Activity.
Would you print the lines below exactly, beginning at the line that has "imageOSTOO Womens 2025" and stopping after the line that has "A silhouette of"? Only those lines, and no pictures.

Brief descriptive captions:
☆ ☆ ☆ ☆ ☆ ☆ ☆

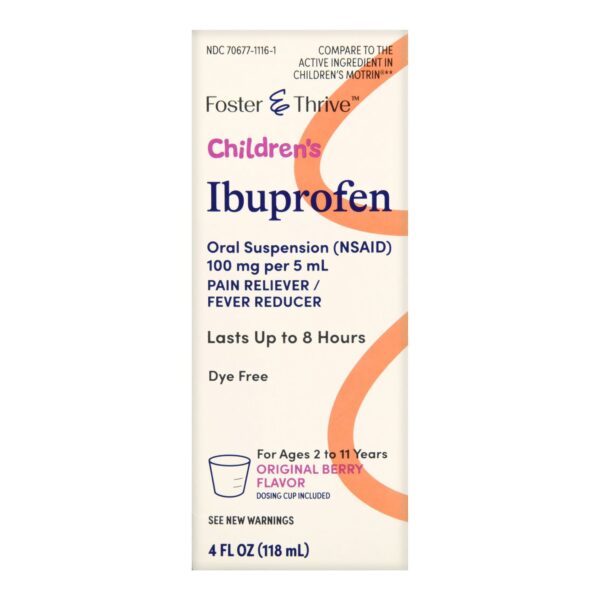 Foster & Thrive? Children's Ibuprofen 100 mg pr 5 mL Oral Suspension (NSAID) Dye Free Original Berry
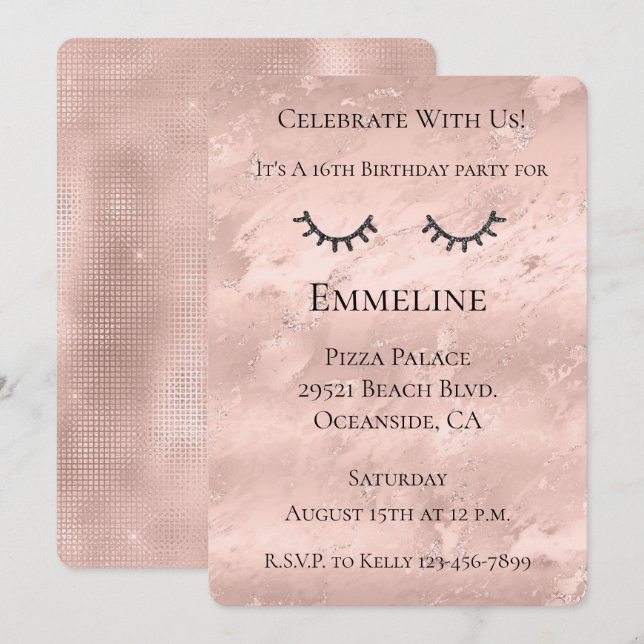  Rosa Marble Glitzy Black Glitter Eyelash Inbjudningar (Fram/baksida)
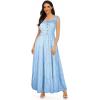 imageOSTOO Womens 2025 Summer Boho Floral Print Tiered Casual Flowy Long Maxi DressBlue Plaid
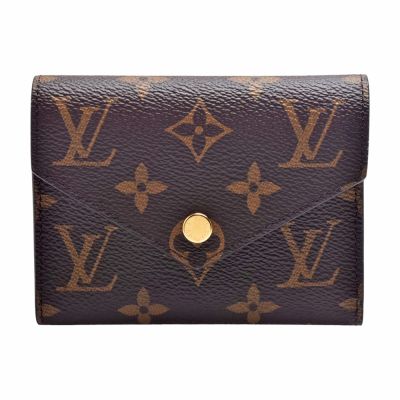 LV Louis Vuitton路易威登 M62360 Victorine系列經典Monogram原花三折暗釦短夾(玫粉)
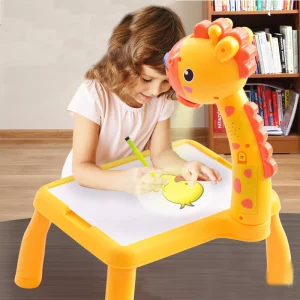 Masa Muzicala de Desen pentru copii cu Proiector, model Girafa, culoare Galben, 24 imagini, AVXWT2222YELLOWGIRAFFE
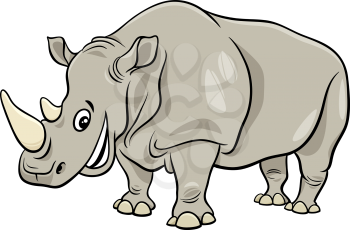 Cartoon Illustration of Funny Rhinoceros Wild Animal Character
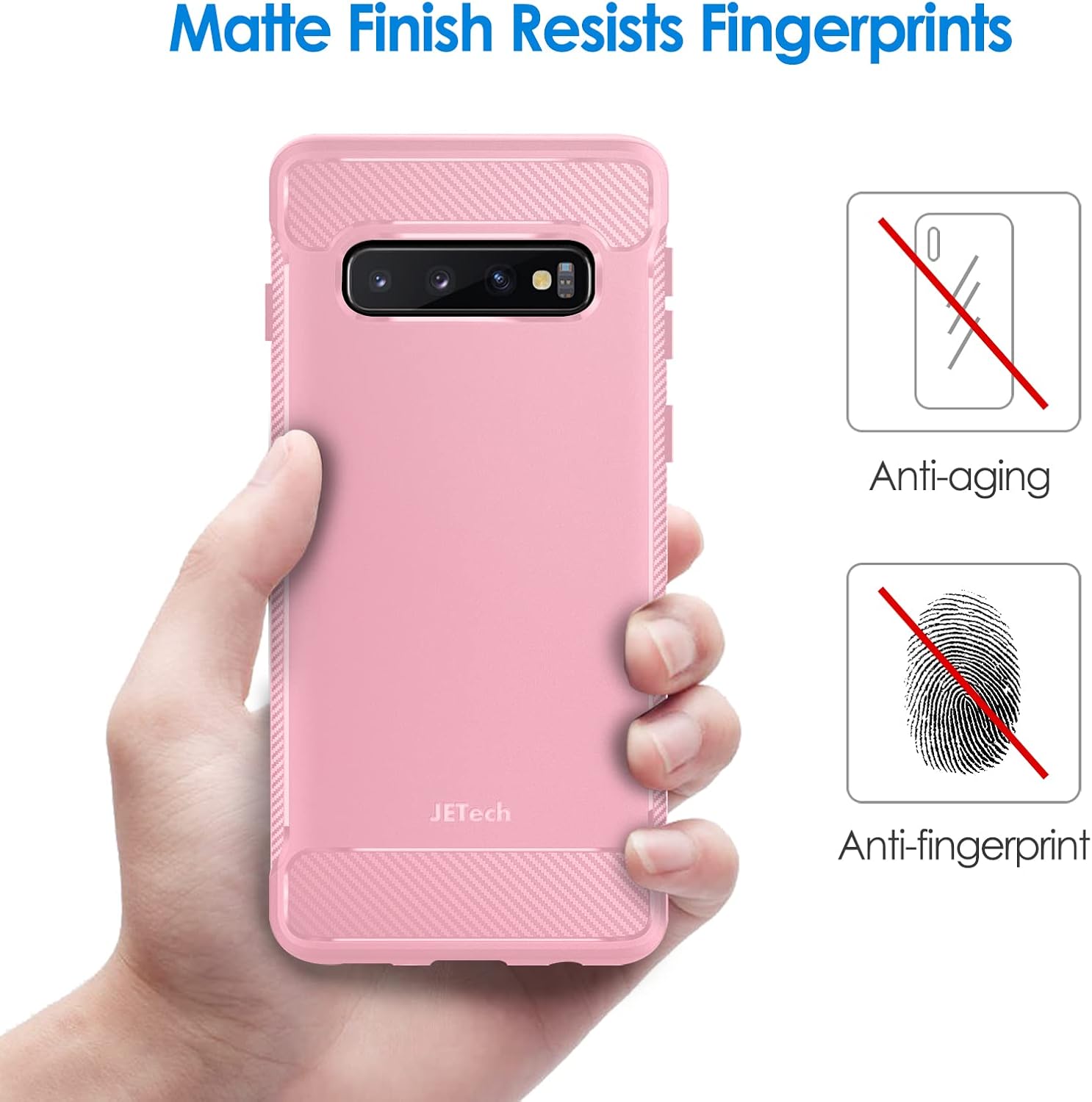 JETech Slim Fit Case for Samsung Galaxy S10 (NOT for Plus +), Thin Phone Cover with Shock-Absorption and Carbon Fiber Design (Pink)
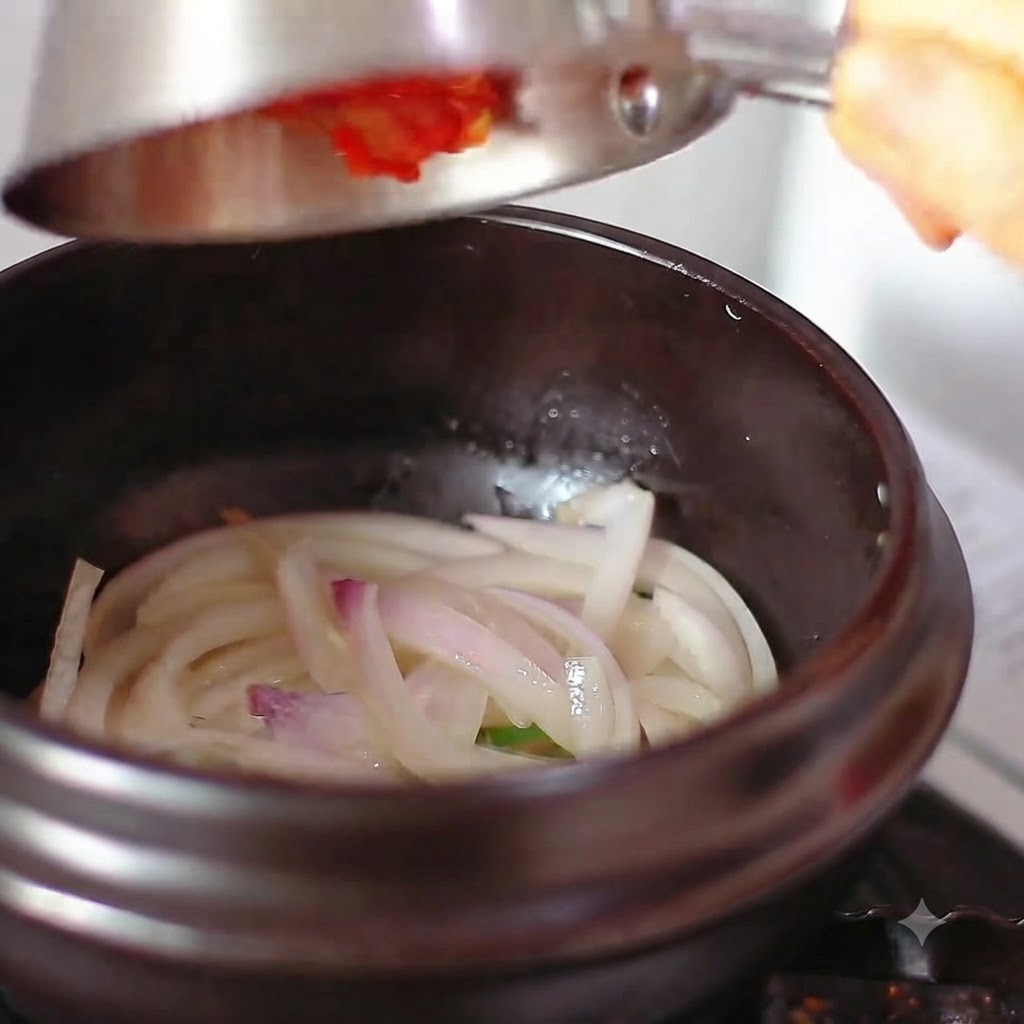 Polvo de chile rojo y trozos de kimchi vertiéndose en la olla con la cebolla.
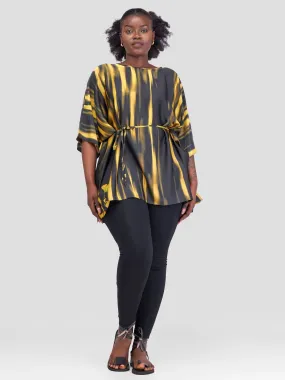 Vivo Jamila Kaftan Top - Black / Yellow Print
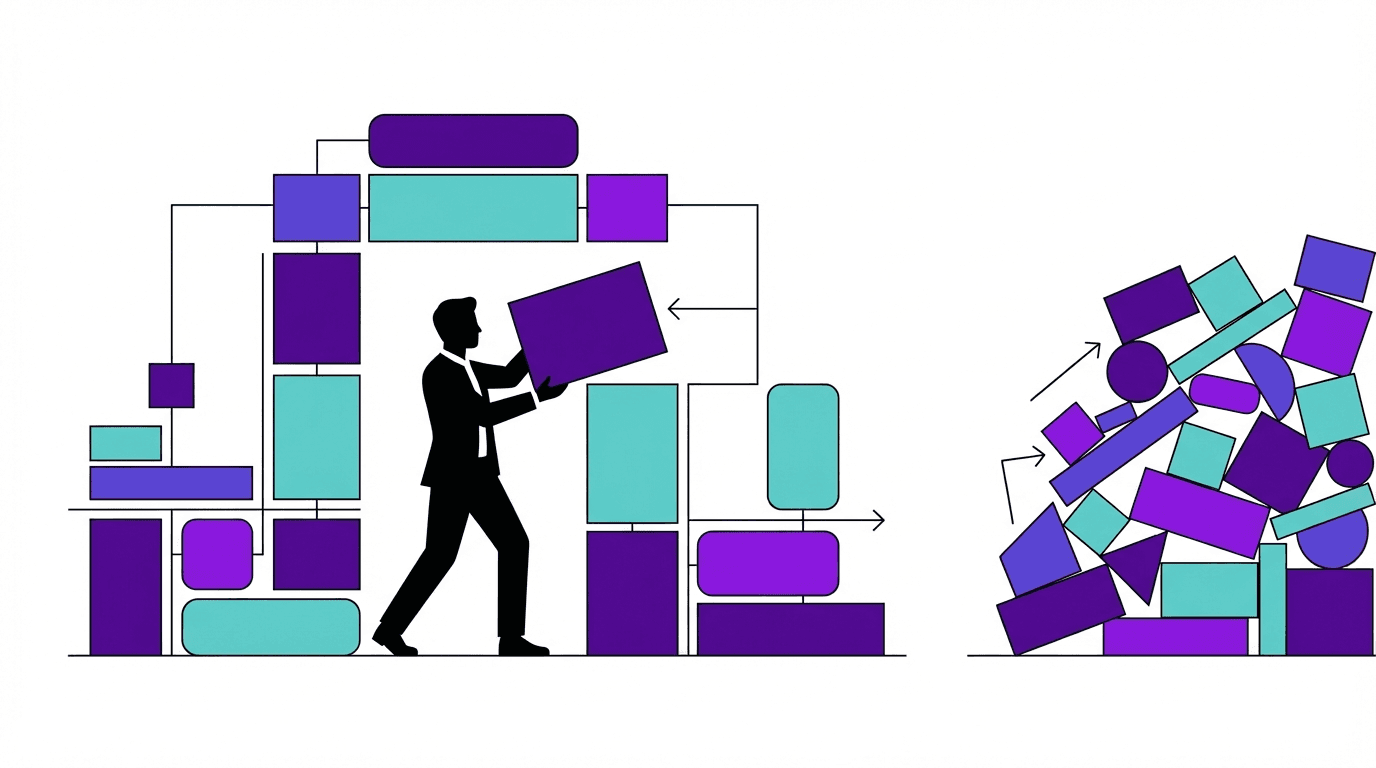 A silhouette of a person stacking colorful blocks, with a chaotic pile of blocks on the right side.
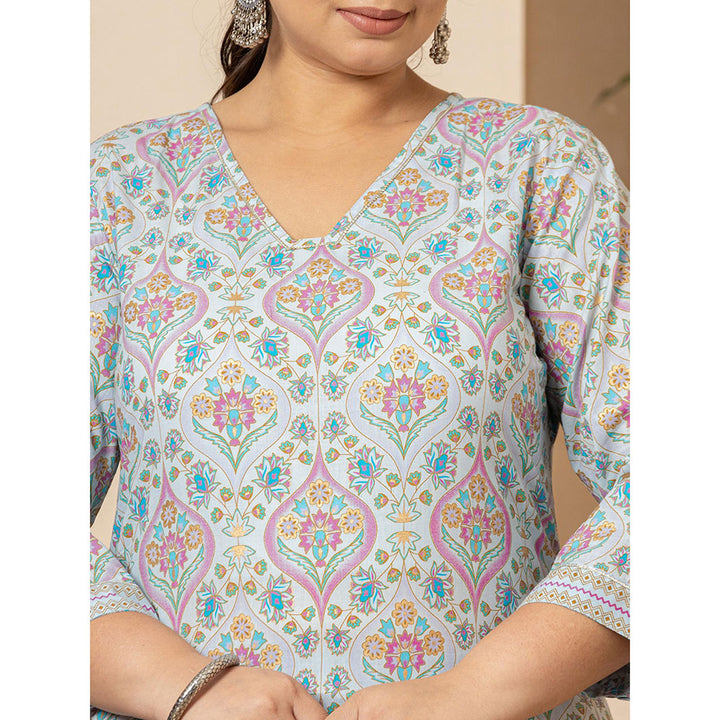 Yufta Sky Blue Straight Plus Size Kurta and Palazzo with Dupatta (Set of 3)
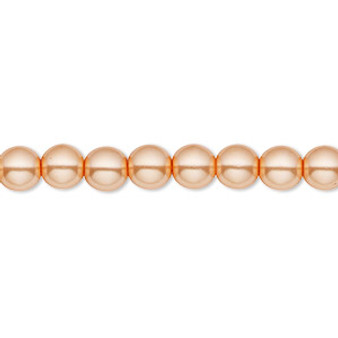 Bead, Czech pearl-coated glass druk, opaque peach-orange, 6mm round. Sold per 15-1/2" to 16" strand.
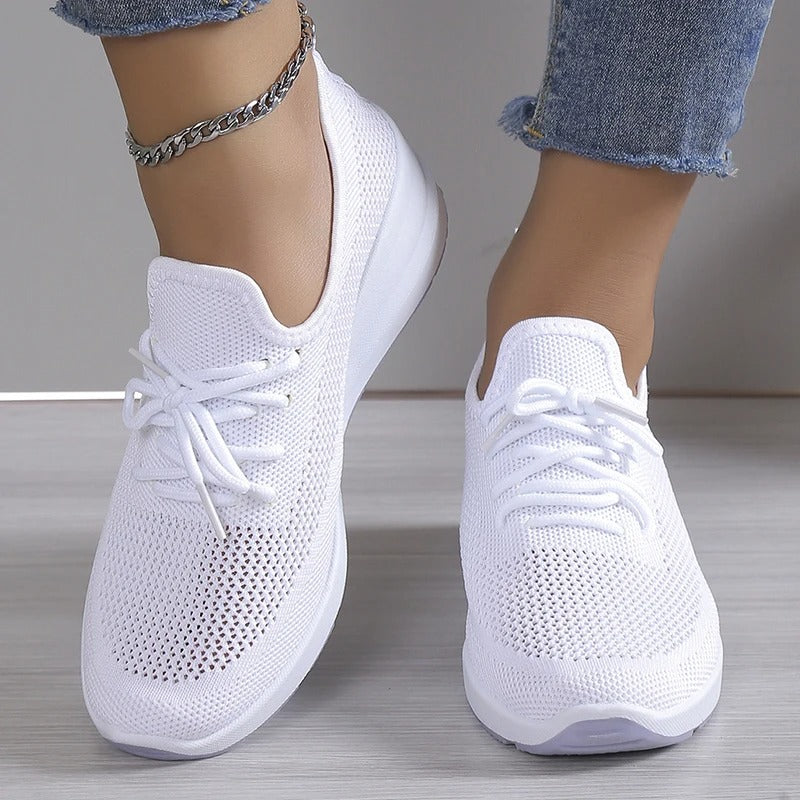 Zapatillas mujer cuña plataforma malla transpirable deporte casual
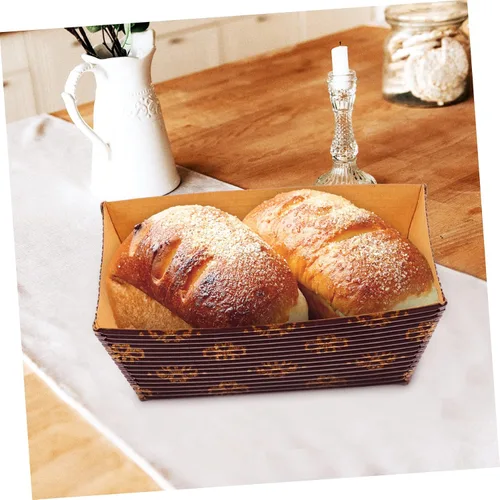 Vista 6 de HOMSFOU Bandeja de pastel corrugado, mini pan, papel de regalo de Navidad, pan, pan, pan, sartenes, rectángulo, tazas decorativas, papel de embalaje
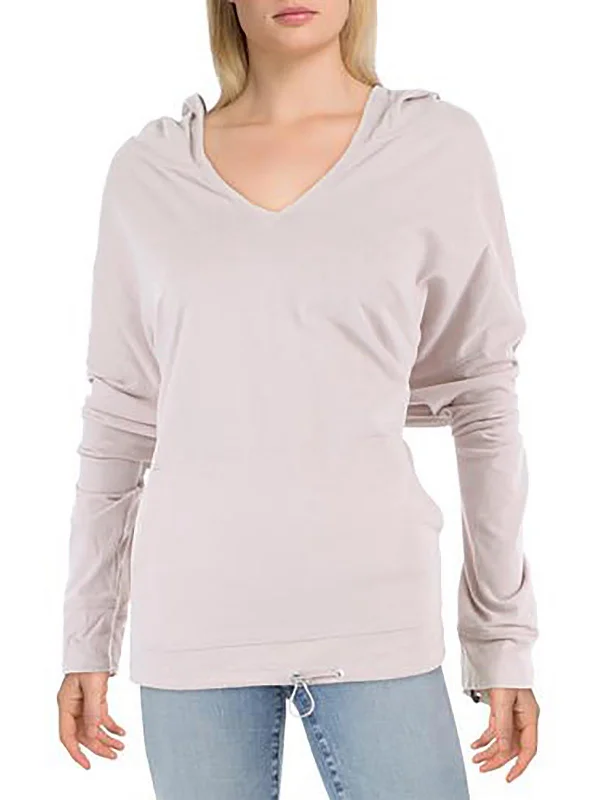 Turquoise Coral Sports Top for Activity -Plus Womens Cotton Drop Shoulder Pullover Top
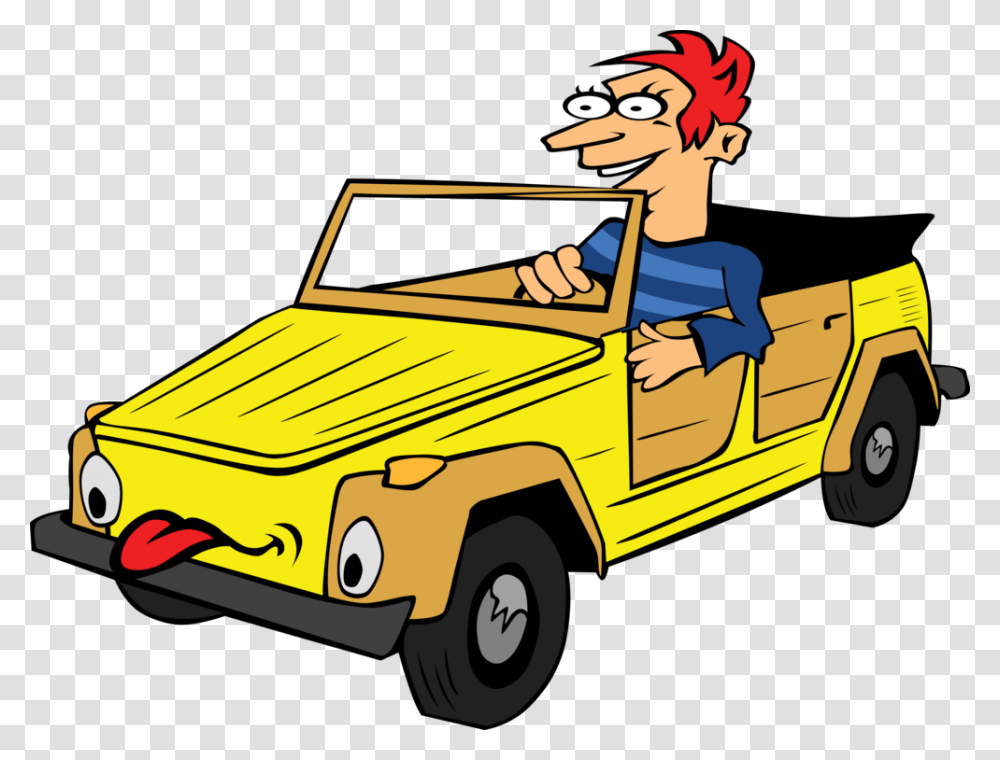 Cartoon Driving Volkswagen Beetle Toyota Sienna, Vehicle, Transportation, Automobile, Jeep Transparent Png
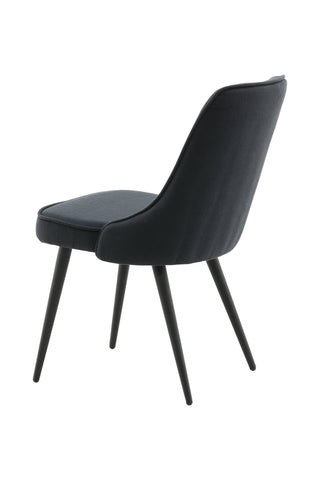Velvet Deluxe Matstol 2-pack - Svarta ben - Svart tyg
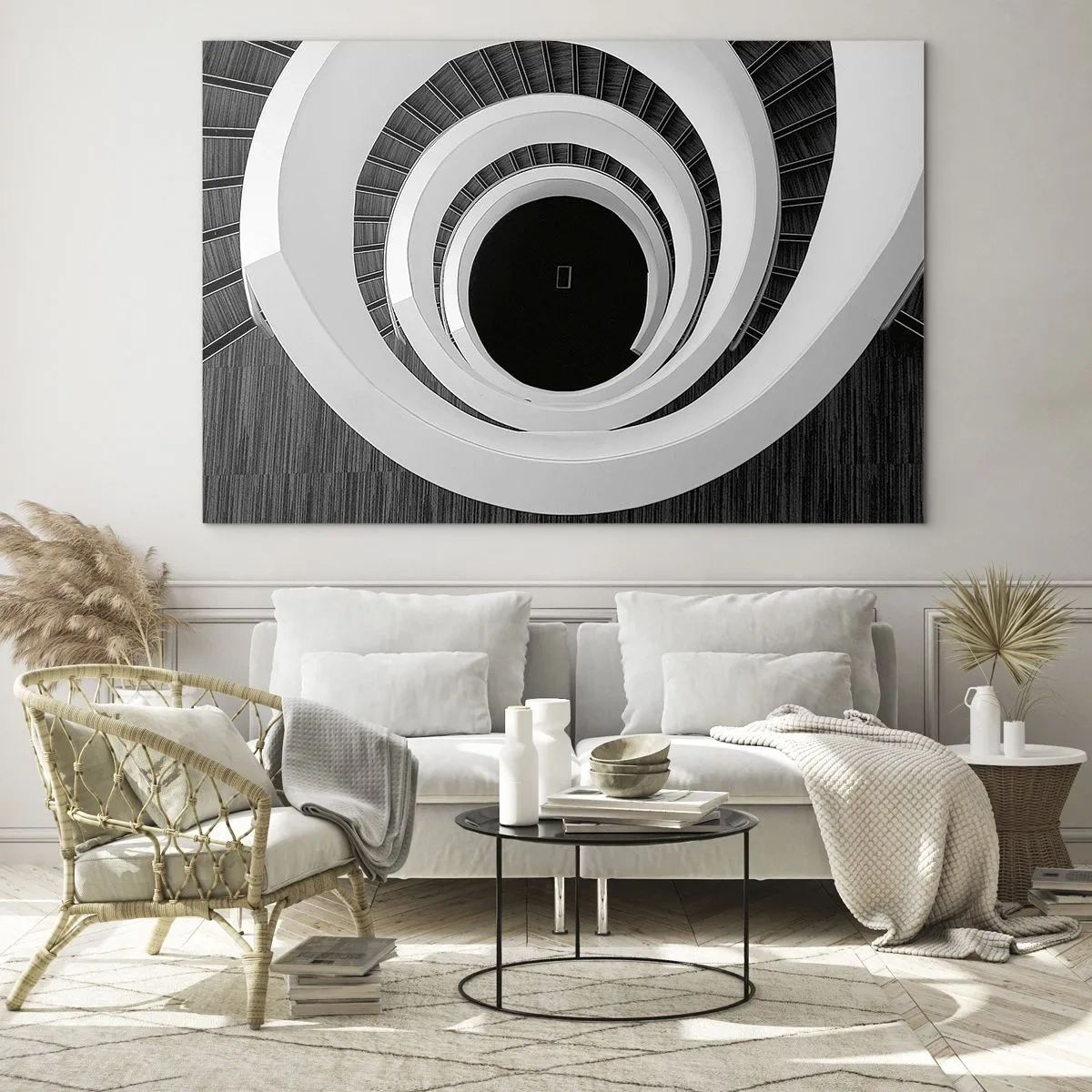 Glasbild - Bild auf glas - Schwarz-weiße Wendeltreppe von oben - 70x50cm - Zum Kern der Sache - Moderne Wanddekoration für Wohnzimmer und Schlafzimmer ARTTOR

☆ ☆ ☆ ☆ ☆ ☆ ☆

Worked solution.
 imageOSTOO Womens 2025 Summer Boho Floral Print Tiered Casual Flowy Long Maxi DressBlue Plaid
 LV Louis Vuitton路易威登 M62360 Victorine系列經典Monogram原花三折暗釦短夾(玫粉)
 Masa Muzicala de Desen pentru copii cu Proiector, model Girafa, culoare Galben, 24 imagini, AVXWT2222YELLOWGIRAFFE
 Cartoon Illustration of Funny Rhinoceros Wild Animal Character
 JETech Slim Fit Case for Samsung Galaxy S10 (NOT for Plus +), Thin Phone Cover with Shock-Absorption and Carbon Fiber Design (Pink)
 Polvo de chile rojo y trozos de kimchi vertiéndose en la olla con la cebolla.
 Vivo Jamila Kaftan Top - Black / Yellow Print
 A silhouette of a person stacking colorful blocks, with a chaotic pile of blocks on the right side.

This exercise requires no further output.